Há um argumento que eu não acompanho na justificação do Governo para a recusa de despenalizar o aborto sem referendo: a ideia de que «por princípio» uma questão decidida por referendo só deve ser alterada por essa mesma via.
Para começar, no primeiro referendo não houve decisão nenhuma, visto que o referendo não foi vinculativo, por falta de quórum. Independentemente disso, não se pode sustentar que, uma vez feito um referendo sobre certa matéria, a Assembleia da República fica privada de voltar a legislar sobre ela. Isso não é assim, nem sob o ponto de vista constitucional, nem sob o ponto de vista dos princípios da democracia representativa. Recorrer ao referendo não implica expropriar a AR, daí em diante, da sua competência legislativa nessa matéria.
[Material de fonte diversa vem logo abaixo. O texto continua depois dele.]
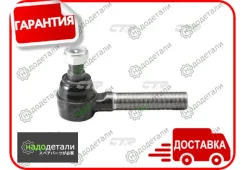 ���������� ������� CTR CE0774 (CET-159) � ��������� � ��������� [CE0774] CE0774 ����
As razões para sustentar a decisão que foi adoptada pelo PS (e que acho correcta) são ambas políticas: primeiro, o compromisso eleitoral assumido pelo PS no sentido do referendo, que só deve ser abandonado se o referndo não puder realizar-se em tempo útil; segundo, a ideia de que numa matéria destas, o referendo poder conferir à despenalização (suposto que desta vez esta solução sai vencedora...) não só uma maior legitimidade política, mas também uma maior estabilidade normativa.